Robert Kushner

Here we are in 1980 with people struggling to maintain the idea of the avant garde but nowhere else to go. It just seems much more comfortable to say: well, I don't care. I can view what I'm doing as a continuation and a slight update of a vast conservative tradition. The traditional, as I would contrast it to the avant garde, is behind the theme of decoration.

“How to explain the living beauty, joyousness, and playful celebration in Robert Kushner’s art?” Sara Lynn Henry asked in her catalog essay for Kushner’s twenty-five-year retrospective at the New Jersey Center for Visual Arts in 1998. The explanation is personal, historical, and theoretical, the story of a career that is stubbornly original in its rejection of the idea that originality, or newness, is the main ingredient of good art. “I really believe the public deserves something beautiful,” Kushner has said. 

Robert Kushner was born in Pasadena, California, in 1949. He studied at the University of California at San Diego, where he developed a friendship with the art historian and critic Amy Goldin, who helped sharpen an interest in decorative art into a life project. On a trip to Turkey, Iran, and Afghanistan in 1974 with Goldin, Kushner recognized, he told Edward Gomez in Art in America in 2005, that in ancient Persia “the greatest minds had been making decoration.” After that trip, Kushner moved to New York and became one of the founders of what was called the pattern and decoration movement. He was first known as a performance artist. His spontaneous, yet carefully researched paintings on pieced fabric would float and whirl on the back of a performer. The costumes were not accessories to the action, they were the action. As he moved into concentrating on painting and drawing, his allegiance to decoration stayed with him. 

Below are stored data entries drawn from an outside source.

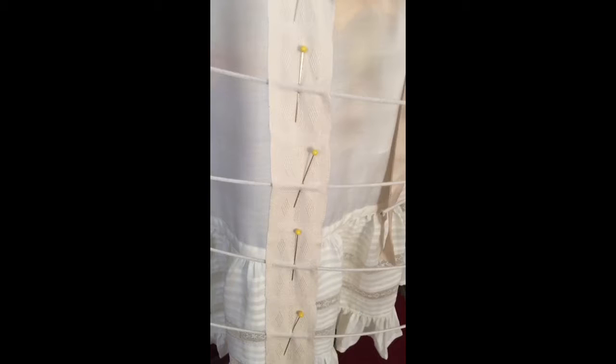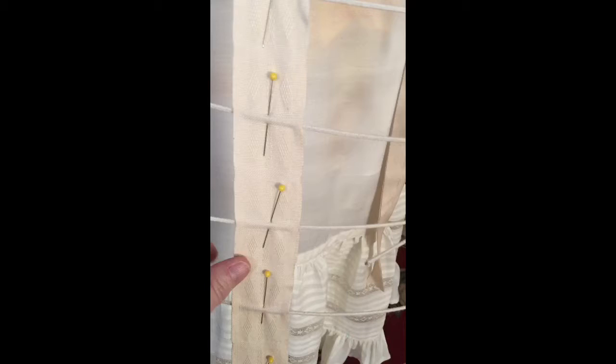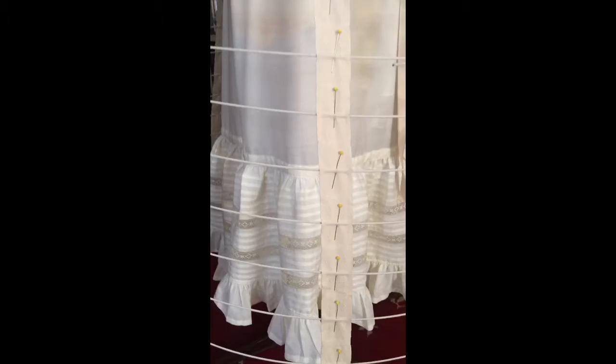Really the only thing that's making me grouchy — and it did with a Truly Victorian pattern as well — is getting the tapes and the wires aligned so that everything looks nice and straight and lovely. Of course I will be working on that for quite a bit longer, but yeah, I am loving it and it's gonna look awesome.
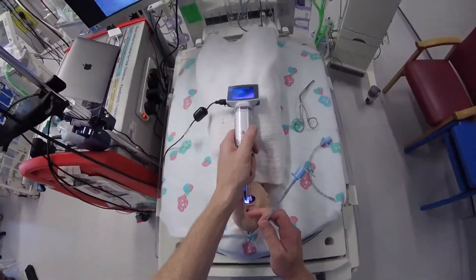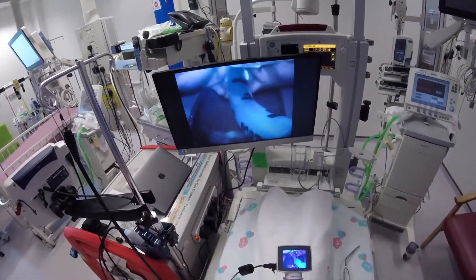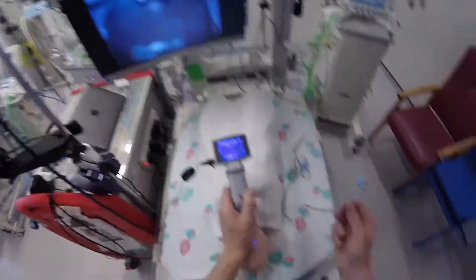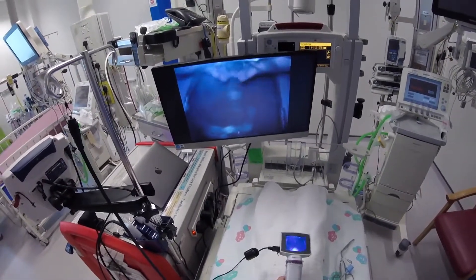We can also use this like a Miller blade — so if I go in and try to lift the epiglottis, and then drop the endotracheal tube in. Although they recommend you do use a stylet, it is still possible to use without a stylet if you don't have any difficulty doing the intubation.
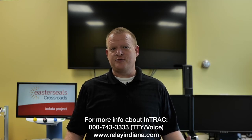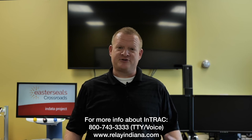Well, that's your tech tip for today. I want to say thank you to the Indiana Telephone Relay Access Corporation for sponsoring our captions today. My name is Brian Norton with the INDATA Project at Easterseals Crossroads in Indiana.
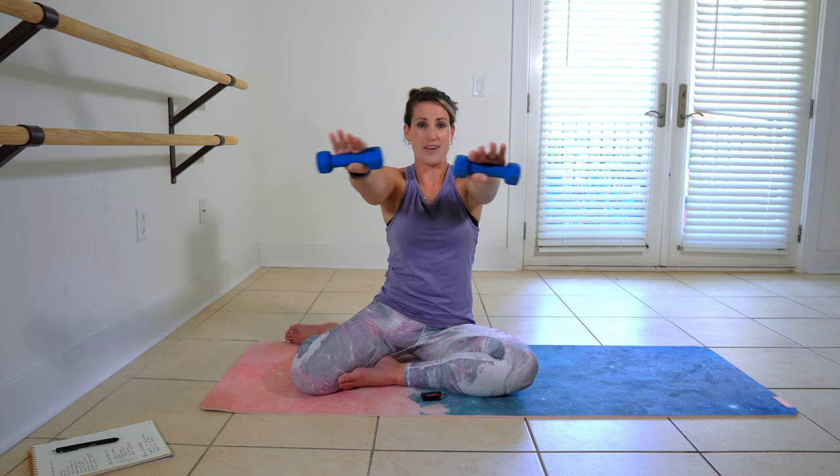Now you're going to take a bow out in front here. Reach towards me. Pull those elbows back. Reach towards me. Pull them back. Squeeze your shoulder blades right here. Pull. And push.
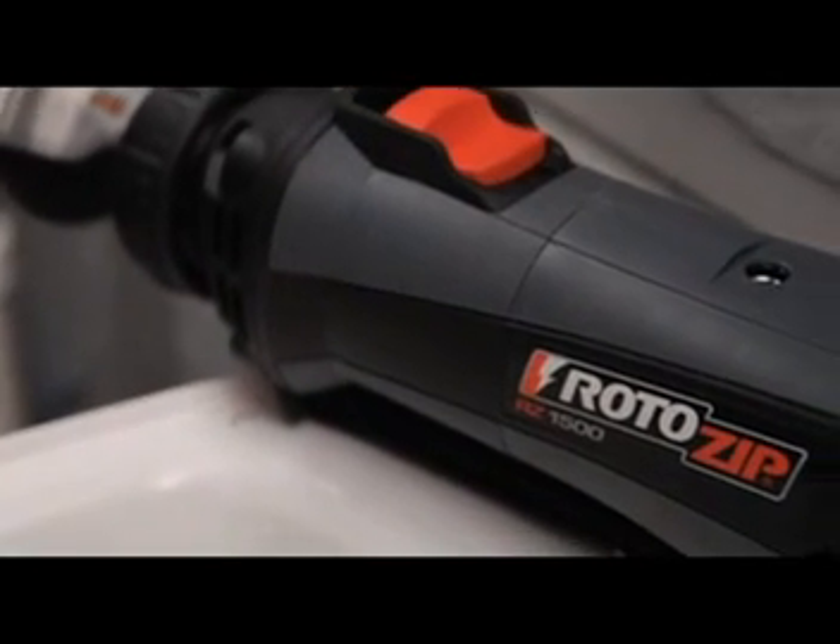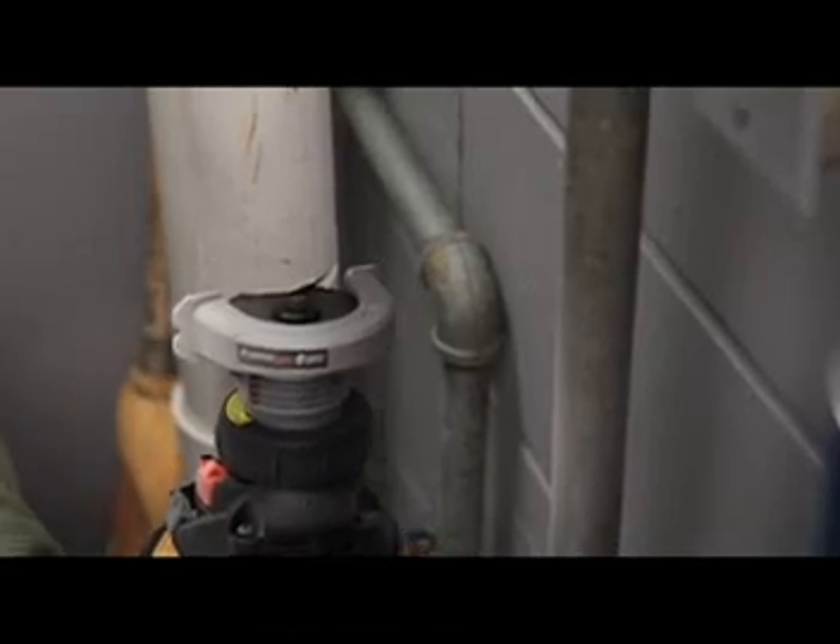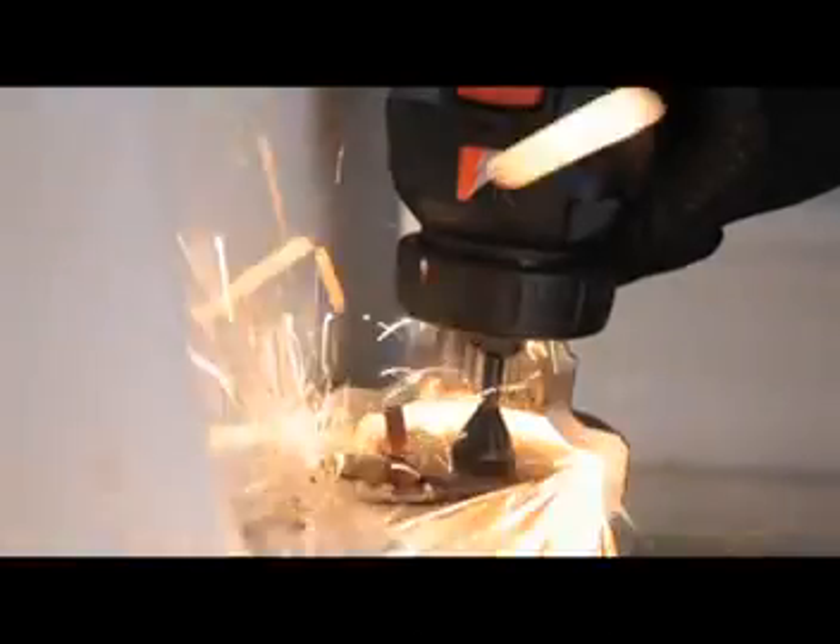Introducing the Direct Drive Cutting Attachment for Roto-Zip Spiral Saws. Specially designed for difficult cuts in tight spaces, the Direct Drive Attachment mounts two and a half inch cutting wheels directly to your Roto-Zip Spiral Saw using the Roto-Zip Connect System.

In 1980 Kushner was included in the Venice Biennale. In 1984 he had a solo show of paintings on paper at the Whitney Museum of American Art in New York. He is a dedicated printmaker, having worked in many media, especially etching, which he has done mainly at Crown Point Press. He participated in Crown Point’s woodcut program in China in 1989 and went twice to Japan to work with Crown Point’s master woodblock printer Tadashi Toda. Kushner has exhibited prints, paintings, and paper works widely in Japan. 

Kushner’s travels instilled in him the conviction, he says, that his work is “a slight update of a vast conservative tradition” that doesn’t have borders. In 2005 he created a painting installation titled Spring Scatter Summation, filling the Great Room at the Wistariahurst Museum in Holyoke, Massachusetts. In the catalog essay, Peter Eleey wrote: “Maybe decorative painting can be an instrument through which we can harmonize the energies within and around us? Almost in spite of the horrors of the world, there remains a place to go, there is a refuge. There is, certainly, this room.”

Robert Kushner’s work is held in many museum collections around the world including  The Museum of Modern Art, NY; The Metropolitan Museum of Art, NY; The Whitney Museum of American Art, NY; The National Gallery of Art, DC; The Corcoran Gallery of Art, DC; Tate Gallery, London; San Francisco Museum of Modern Art; The Denver Art Museum; Galleria degli Ufizzi, Florence; and the J. Paul Getty Trust, Los Angeles. He was the subject of solo exhibitions at both the Whitney Museum of American Art and the Brooklyn Museum, and his work has been included in the Whitney Biennial three times and twice at the Venice Biennale. A mid-career retrospective of his work was organized by the Philadelphia Institute of Contemporary Art in 1987. In 2019, his work was featured in the notable group exhibition With Pleasure: Pattern and Decoration in American Art 1972-1985 at the Museum of Contemporary Art, Los Angeles. Kushner is represented by the DC Moore Gallery in New York. He lives and works in New York.